March 15, 2005

Gay Marriage in California: Judge Kramer and Strict Scrutiny

Julian Sanchez notes a key point in yesterday's decision. Banning gay marriage isn't simply problematic because of the ban takes away a fundamental right without a rational basis - there's also the problem of gender discrimination.

After carrying out his "rational purpose" analysis, Kramer asserted that California's ban on same-sex marriage was actually subject to "strict scrutiny," which "applies where a legislative classification creates a 'suspect' class or impinges on a fundamental human right." Both, said Kramer, were true of the marriage ban: Marriage is a fundamental right, as the Supreme Court found in Loving v. Virginia, and discrimination according to gender makes use of a "suspect class."

Kramer's not the first to make this point, and it's a key issue in this public policy debate.

Posted by armand at March 15, 2005 03:04 PM | TrackBack | Posted to Law and the Courts


It was a good decision.
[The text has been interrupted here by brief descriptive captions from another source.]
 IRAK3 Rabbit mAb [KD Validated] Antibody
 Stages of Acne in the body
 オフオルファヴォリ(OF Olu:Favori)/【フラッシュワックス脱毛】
Let's hope it is upheld.

Posted by: Downtown Lad at March 15, 2005 11:54 PM | PERMALINK

i have to say, on the propriety of strict scrutiny i tend to line up with the conservative side. loving v. virginia, and every other gender discrimination strict scrutiny case concerned denial of access or of privilege in virtue of the gender of the person so denied. here, absent some semantic gymnastics, it's hard to interpret the gender discrimination claim as anything other than a situation where the person so denied claims discrimination on the basis of the gender of his chosen mate. this is a crucial distinction.

i think lawrence v. texas paves the way for civil unions with all the legal incidents of marriage. as for the word marriage, it's ruined this debate and i'm sick of it. marriage is something that occurs in church; everything else is civil unions, and if we could just start saying it that way, the debate would be easier, and lead more swiftly to the desired result (which, of course, i share with you).

a unitarian universalist church (gathering place?) in shadyside just recently unfurled a banner over the entrance:


that's the best slogan, the best campaign mantra, i've seen yet. because it's accurate, unassuming, and stays away from the marriage trap.